Exercise requirements: Scan the listing below for the word "White", then copy each line that has it.

Material supplied:
_ _ _

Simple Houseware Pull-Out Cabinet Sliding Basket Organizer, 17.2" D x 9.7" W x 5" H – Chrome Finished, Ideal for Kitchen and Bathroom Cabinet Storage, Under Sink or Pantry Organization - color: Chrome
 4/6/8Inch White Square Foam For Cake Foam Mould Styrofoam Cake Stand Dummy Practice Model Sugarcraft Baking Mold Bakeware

_ _ _

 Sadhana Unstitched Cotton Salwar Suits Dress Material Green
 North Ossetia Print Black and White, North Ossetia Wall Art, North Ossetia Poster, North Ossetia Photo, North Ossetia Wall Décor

_ _ _

Answer box:
 4/6/8Inch White Square Foam For Cake Foam Mould Styrofoam Cake Stand Dummy Practice Model Sugarcraft Baking Mold Bakeware
 North Ossetia Print Black and White, North Ossetia Wall Art, North Ossetia Poster, North Ossetia Photo, North Ossetia Wall Décor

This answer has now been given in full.